Gigantyczną dawkę emocji zafundowali kibicom w niedzielny wieczór koszykarze Enei Basketu Poznań. Zespół prowadzony po raz pierwszy przez Edmundsa Valeikę po trudnym meczu triumfował nad OpTeam Energia Polska Resovią Rzeszów 100:96.

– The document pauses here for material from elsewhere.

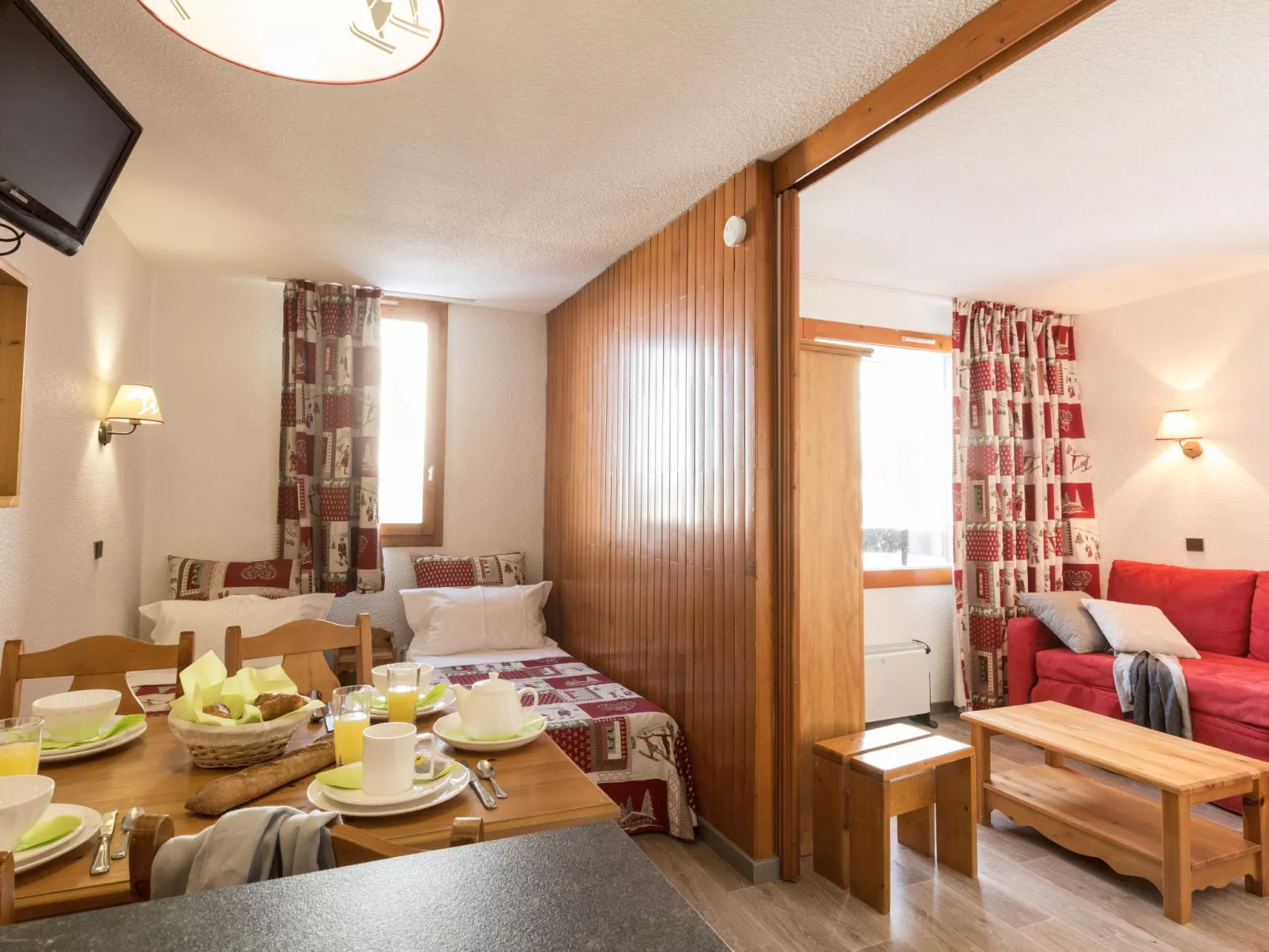 Odalys Essentielle Le Hameau du Mottaret-Dedans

W spotkaniu 15. kolejki minimalnym faworytem byli goście z Podkarpacia. Drużyna trenera Marka Zapałowskiego legitymowała się bilansem 7 zwycięstw i 6 porażek, z kolei poznaniacy mieli bilans 5 wygranych i 8 przegranych meczów. Ewentualna wygrana gospodarzy mogła zbliżyć obie ekipy na różnicę jednego punktu, a zatem stawka była spora.

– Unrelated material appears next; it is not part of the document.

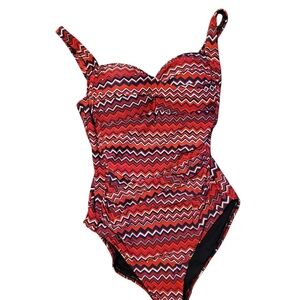Bond-eye Australia Nip Tuck One Piece Swimsuit - 6.        M18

Premierowa kwarta lepiej układała się dla Resovii. Przyjezdni rzucali zza łuku z kapitalną skutecznością – dość powiedzieć, że ich pierwsze 9 punktów padło po trzech z rzędu celnych trójkach. Od pierwszych sekund prym w ekipie gości wiódł Kacper Młynarski, a wtórował mu Santiago Vaulet. W pewnym momencie przewaga Resoviaków wynosiła nawet 8 oczek (9:1, 12:4), a po dziesięciu minutach gry mieliśmy wynik 26:20 dla gości.
W drugiej kwarcie Basket ruszył do ataku. Świetnie funkcjonował na boisku Mikołaj Stopierzyński, swoje robił również James Washington i ze stanu 26:32 szybko zrobiło się… 49:37. Na przerwę Enea schodziła z korzystnym rezultatem 52:41 i sporymi apetytami na zwycięstwo.

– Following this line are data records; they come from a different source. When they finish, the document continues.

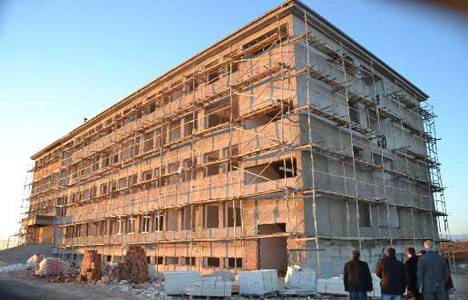 Şanlıurfa Hilvan'daki ortaokul ve yurt inşaatı devam ediyor!
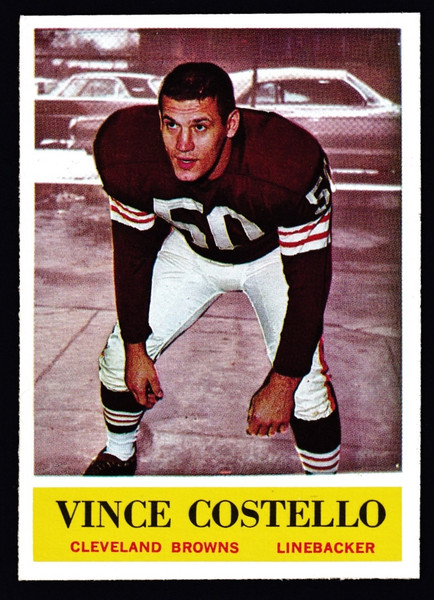 1964 Philadelphia #032 Vince Costello EXMT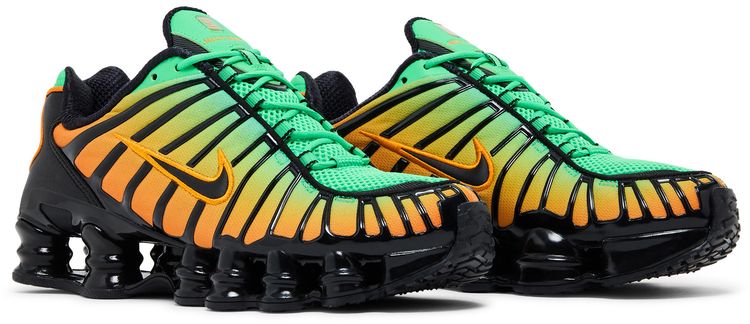 Nike Shox TL Green Shock Bright Ceramic
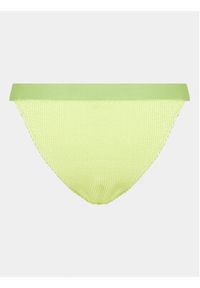 Tommy Jeans Dół od bikini UW0UW04491 Zielony. Kolor: zielony. Materiał: syntetyk #4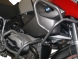 Защитные дуги Heed для Bmw R 1200 Gs (04-07) Полный Бункер Серебристые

Po zmianie stron i akcji 3+1 Michała Samsonowicza prowadzenia poznaniaków osiągnęło 15 punktów (56:41), jednak z czasem do głosu zaczęli ponownie dochodzić Resoviacy. Kacper Młynarski prezentował rewelacyjną formę rzutową, trafiając seryjnie za trzy punkty, odpowiednie wsparcie zapewnili mu Jakub Stupnicki i Kacper Margiciok, a niemal równo z syreną trudną pozycję rzutową wykorzystał Wojciech Szpyrka i zrobiło się już tylko 71:69.
Czwarta kwarta to prawdziwa wojna nerwów. Kibice kilkakrotnie odrywali się z siedzeń, chociażby za sprawą wsadu Konrada Rosińskiego, a do 34. minuty Basket zdawał się względnie kontrolować przebieg gry (85:76). W końcówce ambitni goście pokusili się o zryw 17:4, który dał im prowadzenie 93:89 na dwie i pół minuty przed finałową syreną. Ostatnie słowo należało jednak do poznańskiej ekipy. Zespół ze stolicy Wielkopolski był skupiony na linii rzutów osobistych i triumfował 100:96.
Mój zespół nie miał dużo czasu, bo tylko tydzień. Przekazałem im sporo informacji i dlatego popełniliśmy trochę błędów w defensywie i ofensywie. Rzeszów też gra interesującą obronę. Zbiórkę wygraliśmy, popełniliśmy 11 strat, co pokazuje, jaki fokus był w tym meczu. Jestem bardzo szczęśliwy, że zwyciężyliśmy i bardzo dziękuję moim zawodnikom – podsumował swoje debiutanckie spotkanie na ławce Enei Basketu Poznań trener Edmunds Valeiko.
Kolejne spotkanie Enea Basket Poznań rozegra 28 grudnia o 15:00 w Katowicach, z kolei do gry przed własną publicznością ekipa ze stolicy Wielkopolski powróci 4 stycznia, kiedy to o 18:00 w Hali AWF zmierzy się z SKS-em Fulimpexem Starogard Gdański.
Enea Basket Poznań – OpTeam Energia Polska Resovia Rzeszów 100:96 (20:26 | 32:15 | 19:28 | 29:27)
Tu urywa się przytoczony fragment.